Dana Prom Smith (11/21/07)

Several years ago meine Überfrau and I had a shoot out at Thanksgiving over the gravy. She asked me to make the gravy and stuffing, writing out the steps for gravy making. I compressed a couple of steps. The gravy clotted with free-floating lumps. “I just knew it!” she said. “You’re always taking short cuts. You’ve just ruined the whole dinner.” A former first-class flight attendant during TWA’s days of glamour and glory, Gretchen likes things “just so.”

A tense time was had by all. The gathering was composed of people who ordinarily don’t sit down together for dinner. An inclusive dinner, we invited my mother-in-law and my former wife. My children, all adults at the time, not wanting their mother to be alone on Thanksgiving, asked us to invite her. We also invited two couples, a veganesque Wiccan priestess who ate all the mixed nuts and her husband, a hummingbird feeder salesman, and an Assyrian Orthodox deacon and his Sephardic Jewish wife from South Yemen. A malaise underlay the gathering until dispelled by Gretchen’s magnificent feast.

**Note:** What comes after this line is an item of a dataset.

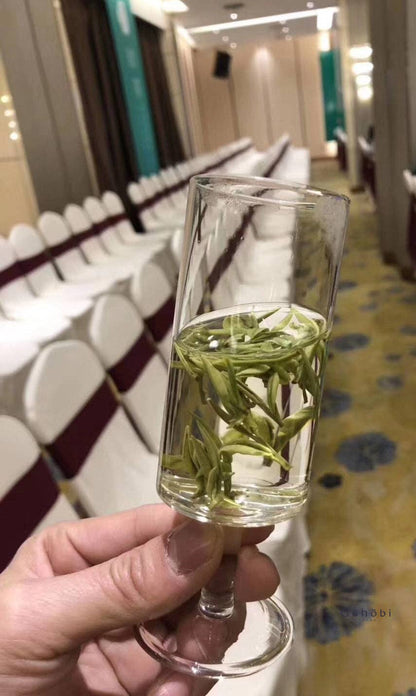 HANDMADE FOOTED GLASS TEA CUP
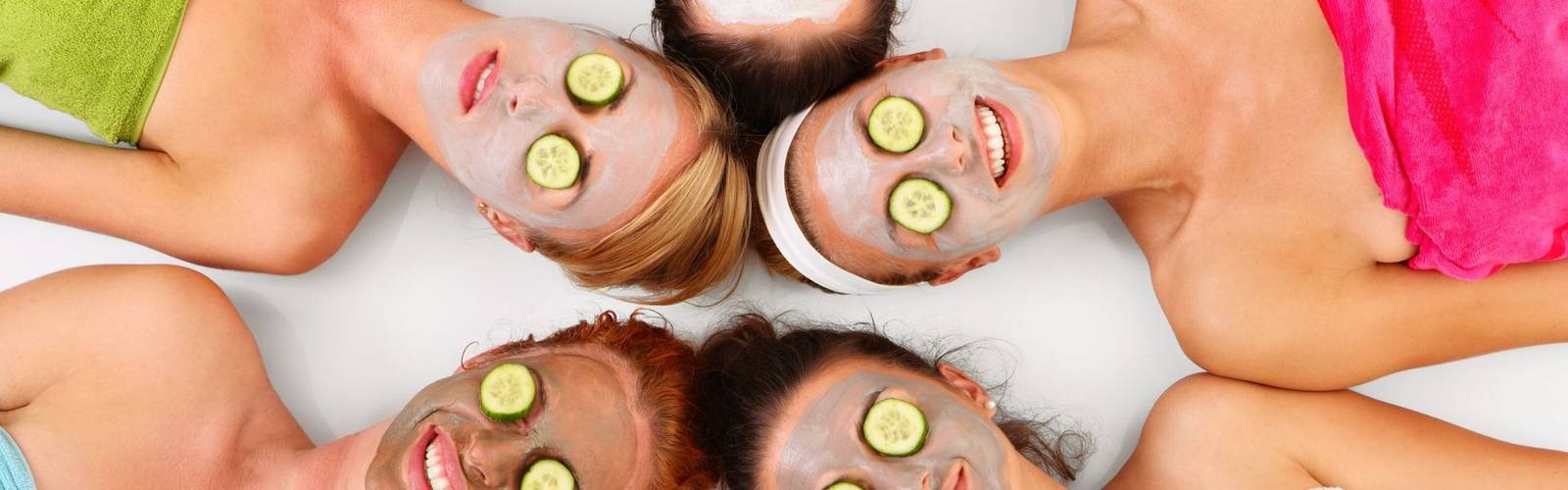 16537352 - a picture of five girl friends relaxing with facial masks on over white background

Some gardens suffer the same malaise, something is going on in the garden just below the surface, resulting in a garden that doesn’t thrive. As my mother used to say of my academic achievements, “The potential is there, but the actual isn’t.” The alpha and omega of successful gardening is soil, and soil is “what you make of it.”

The best guests for a soil dinner are those strangely-worded creatures called mycorrhizae which are not discreet entities like a rock or a gas tank, but fungal associations or symbiotic relationships between nutrients in the soil and the roots of a plant. Growing in the tips of plant roots, they are little strands of fungi that pass from just outside the root to inside it. Spooky looking, they resemble a diaphanous spider web or that gossamered stuff used at Halloween. Of course, they can’t be seen with the naked eye, lying well below our visual radar screens.

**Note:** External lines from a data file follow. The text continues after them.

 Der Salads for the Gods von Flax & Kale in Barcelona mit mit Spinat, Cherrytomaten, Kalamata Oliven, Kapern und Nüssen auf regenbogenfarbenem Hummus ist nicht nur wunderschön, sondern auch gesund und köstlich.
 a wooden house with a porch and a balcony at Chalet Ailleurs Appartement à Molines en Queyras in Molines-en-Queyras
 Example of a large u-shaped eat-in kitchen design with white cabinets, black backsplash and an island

In corporate-speak mycorrhizae are facilitators and in psycho-babble enablers. Although, they can be bought, it isn’t necessary because they’re in the soil already, but to function effectively they need soil amended with organic matter, such as vintage cattle, horse, or chicken manure and compost.

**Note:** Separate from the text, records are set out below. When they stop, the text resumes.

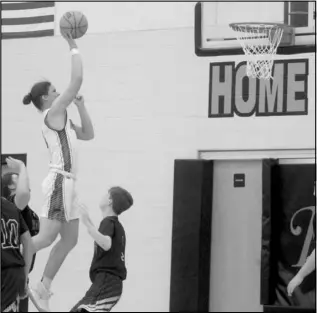  ?? Photo by Gerren Smith ?? CONTROLLIN­G THE PAINT AREA: Magnet Cove big man Kizer Kidder (1) goes up with the one-hander over the Arkansas Christian Academy Knights’ defense. Kidder controlled the paint area defensivel­y and denied several shots that helped lead to a major offensive display in the Panthers 69-19 win against the Knights.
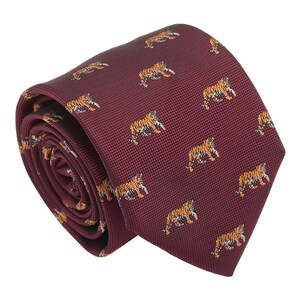 May include: A maroon silk tie with a repeating pattern of orange and black tigers.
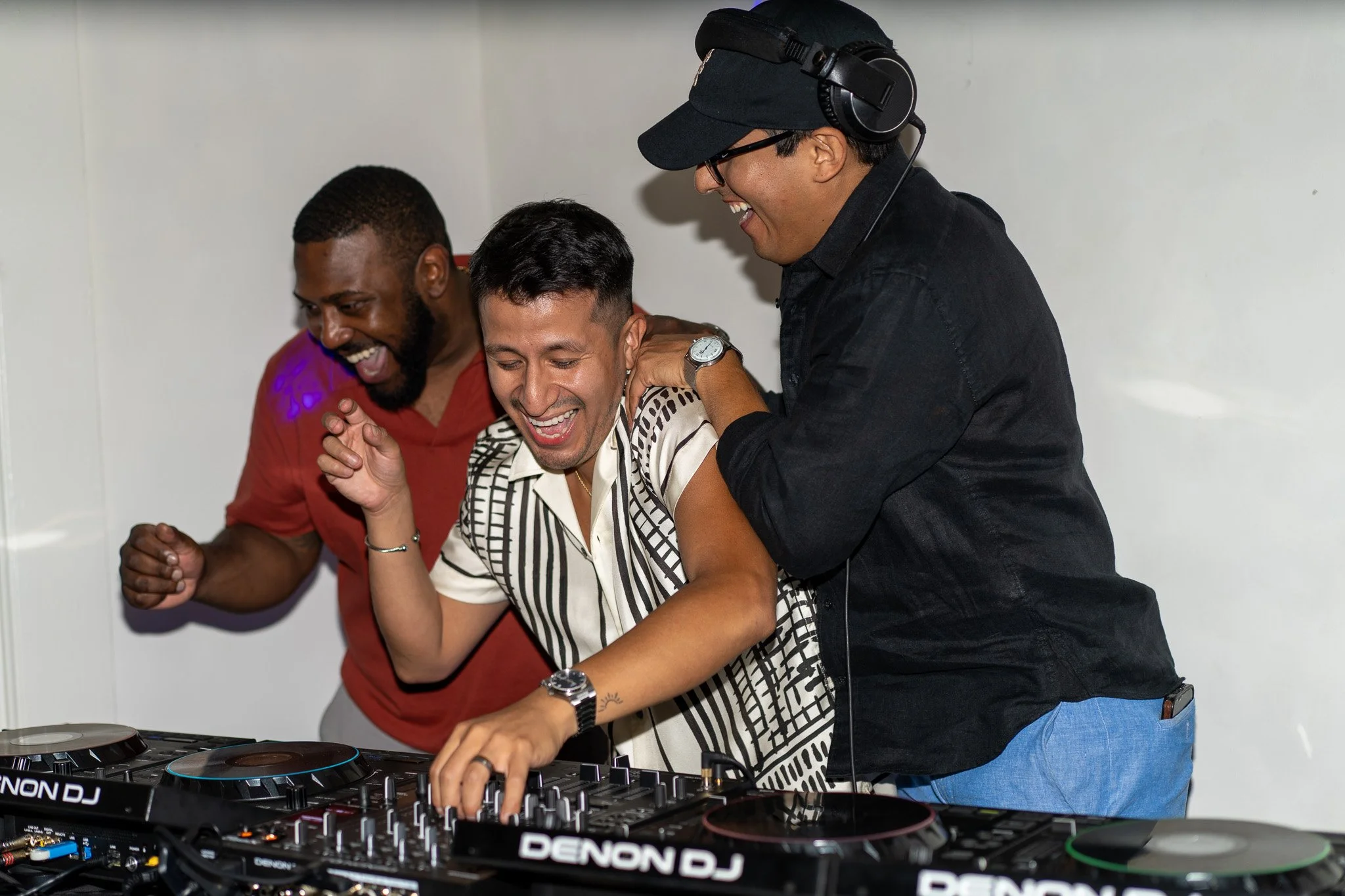 Three men celebrating at a DJ booth in a party or event setting, with three men smiling and one adjusting controls. Brothers from Rio on a Saturday Night at House Eleven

Some mycorrhizae are good and some bad. The good ones are called mutualistic and the bad ones parasitic. If the soil isn’t composted and too much artificial fertilizer is used, especially heavy doses of phosphorous, the mycorrhizae sometimes turn bad or parasitic. Ironically, sometimes fertilizing a garden with artificial fertilizer withers the plants.

Indeed, as in life, good relationships mutually benefit everyone in the relationship. The plants take up the nutrients and release carbohydrates to the fungi all because of the mutualistic mycorrhizae. Everyone wins. The parasitic mycorrhizae suck nutrients out of the plant and don’t deliver carbohydrates to the fungi. Everyone loses. The mycorrhizae facilitate or enable the plant through its roots to take up nutrients from the soil.

As the middle men of a thriving garden, mutualistic mycorrhizae are the sine qua non of gardening. They improve nutrient and water uptake, root growth, and plant growth and yield. They also reduce transplant shock and drought stress.

Amending the soil with organic matter does something else. It helps save the planet, by replenishing the earth rather than consuming it, by cooling the planet through water conservation and foliage rather than heating it with concrete, asphalt, and gravel. It’s thinking globally by sustainable gardening locally. What better way to thank God at Thanksgiving than having a sumptuous feast of manure and compost for the earth!

The Sephardic woman from South Yemen and I got along swimmingly because we both spoke the same Sephardic dialect of Hebrew. She rescued the gravy, vigorously smoothing it out with a wire whisk. The stuffing turned out well. I had read and followed the directions. “For just once in your life, why don’t you do as you’re told?” The shrinks tell us that men often marry women like their mothers.